• Stored items from a collection:
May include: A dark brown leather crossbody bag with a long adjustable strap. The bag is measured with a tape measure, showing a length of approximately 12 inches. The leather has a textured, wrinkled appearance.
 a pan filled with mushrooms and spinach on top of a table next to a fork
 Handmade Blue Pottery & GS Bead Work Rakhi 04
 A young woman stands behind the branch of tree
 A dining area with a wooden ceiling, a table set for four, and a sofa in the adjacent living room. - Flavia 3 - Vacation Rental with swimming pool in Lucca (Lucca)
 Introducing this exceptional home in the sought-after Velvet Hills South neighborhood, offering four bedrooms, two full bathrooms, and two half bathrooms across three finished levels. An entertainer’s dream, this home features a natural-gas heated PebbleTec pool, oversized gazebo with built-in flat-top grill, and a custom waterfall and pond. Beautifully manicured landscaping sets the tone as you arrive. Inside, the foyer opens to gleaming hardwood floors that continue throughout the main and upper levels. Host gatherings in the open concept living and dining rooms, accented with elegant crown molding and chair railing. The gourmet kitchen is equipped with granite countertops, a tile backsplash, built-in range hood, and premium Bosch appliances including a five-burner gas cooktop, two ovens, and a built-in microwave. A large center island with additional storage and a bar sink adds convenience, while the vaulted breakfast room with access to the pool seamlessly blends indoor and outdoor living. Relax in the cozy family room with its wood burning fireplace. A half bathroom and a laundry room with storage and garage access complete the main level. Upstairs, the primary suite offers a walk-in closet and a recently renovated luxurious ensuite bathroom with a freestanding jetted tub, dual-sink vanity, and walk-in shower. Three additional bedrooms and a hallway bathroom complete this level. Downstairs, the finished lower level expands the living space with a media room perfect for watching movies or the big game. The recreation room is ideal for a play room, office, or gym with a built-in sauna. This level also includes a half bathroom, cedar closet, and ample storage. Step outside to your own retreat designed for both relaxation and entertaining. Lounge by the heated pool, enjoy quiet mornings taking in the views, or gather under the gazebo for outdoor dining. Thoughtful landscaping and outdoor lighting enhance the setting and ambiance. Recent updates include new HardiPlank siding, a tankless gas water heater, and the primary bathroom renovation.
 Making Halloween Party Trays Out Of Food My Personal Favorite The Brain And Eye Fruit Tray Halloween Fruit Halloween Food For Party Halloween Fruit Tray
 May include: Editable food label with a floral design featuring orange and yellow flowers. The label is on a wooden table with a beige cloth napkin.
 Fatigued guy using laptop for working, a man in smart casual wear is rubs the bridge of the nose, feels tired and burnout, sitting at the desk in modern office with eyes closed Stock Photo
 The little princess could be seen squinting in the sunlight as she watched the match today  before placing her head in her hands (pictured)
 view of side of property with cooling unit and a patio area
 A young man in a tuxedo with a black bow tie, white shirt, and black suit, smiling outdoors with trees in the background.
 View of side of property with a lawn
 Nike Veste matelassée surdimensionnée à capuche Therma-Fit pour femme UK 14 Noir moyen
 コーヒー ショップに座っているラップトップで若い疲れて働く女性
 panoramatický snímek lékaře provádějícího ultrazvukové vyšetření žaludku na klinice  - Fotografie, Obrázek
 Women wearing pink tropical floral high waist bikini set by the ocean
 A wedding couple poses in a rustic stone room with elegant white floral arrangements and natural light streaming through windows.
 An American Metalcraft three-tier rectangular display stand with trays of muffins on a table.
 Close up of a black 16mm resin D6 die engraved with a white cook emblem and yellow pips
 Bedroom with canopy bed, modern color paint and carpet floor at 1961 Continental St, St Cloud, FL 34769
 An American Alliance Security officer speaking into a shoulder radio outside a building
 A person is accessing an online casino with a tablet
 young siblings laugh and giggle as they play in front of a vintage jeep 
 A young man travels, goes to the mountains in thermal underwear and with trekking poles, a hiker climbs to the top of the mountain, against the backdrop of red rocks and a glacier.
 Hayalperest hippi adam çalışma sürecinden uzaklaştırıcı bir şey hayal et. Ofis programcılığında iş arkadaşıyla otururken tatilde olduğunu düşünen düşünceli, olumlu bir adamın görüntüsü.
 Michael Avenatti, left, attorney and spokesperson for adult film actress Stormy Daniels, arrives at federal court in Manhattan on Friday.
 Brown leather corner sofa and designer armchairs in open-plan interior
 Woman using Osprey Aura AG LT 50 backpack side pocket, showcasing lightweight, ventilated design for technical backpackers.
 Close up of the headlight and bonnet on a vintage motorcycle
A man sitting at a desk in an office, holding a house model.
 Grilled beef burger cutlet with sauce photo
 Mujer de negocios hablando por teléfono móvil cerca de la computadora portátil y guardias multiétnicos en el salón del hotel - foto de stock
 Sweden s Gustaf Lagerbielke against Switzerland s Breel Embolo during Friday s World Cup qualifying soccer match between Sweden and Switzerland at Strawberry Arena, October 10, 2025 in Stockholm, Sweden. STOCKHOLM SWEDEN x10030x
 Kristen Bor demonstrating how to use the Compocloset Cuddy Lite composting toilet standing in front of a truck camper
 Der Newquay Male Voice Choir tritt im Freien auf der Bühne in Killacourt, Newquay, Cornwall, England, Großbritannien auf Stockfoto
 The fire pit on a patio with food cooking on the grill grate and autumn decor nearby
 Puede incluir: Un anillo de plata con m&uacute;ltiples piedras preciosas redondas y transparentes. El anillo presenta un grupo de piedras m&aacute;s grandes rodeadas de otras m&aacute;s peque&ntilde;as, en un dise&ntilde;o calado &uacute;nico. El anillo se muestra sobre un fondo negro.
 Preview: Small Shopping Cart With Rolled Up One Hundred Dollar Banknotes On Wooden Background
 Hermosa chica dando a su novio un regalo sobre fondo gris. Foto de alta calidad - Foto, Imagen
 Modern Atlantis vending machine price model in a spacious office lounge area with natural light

• Task requirements: Copy each line in the entries above where "leather" turns up.

• Response area:
May include: A dark brown leather crossbody bag with a long adjustable strap. The bag is measured with a tape measure, showing a length of approximately 12 inches. The leather has a textured, wrinkled appearance.
 Brown leather corner sofa and designer armchairs in open-plan interior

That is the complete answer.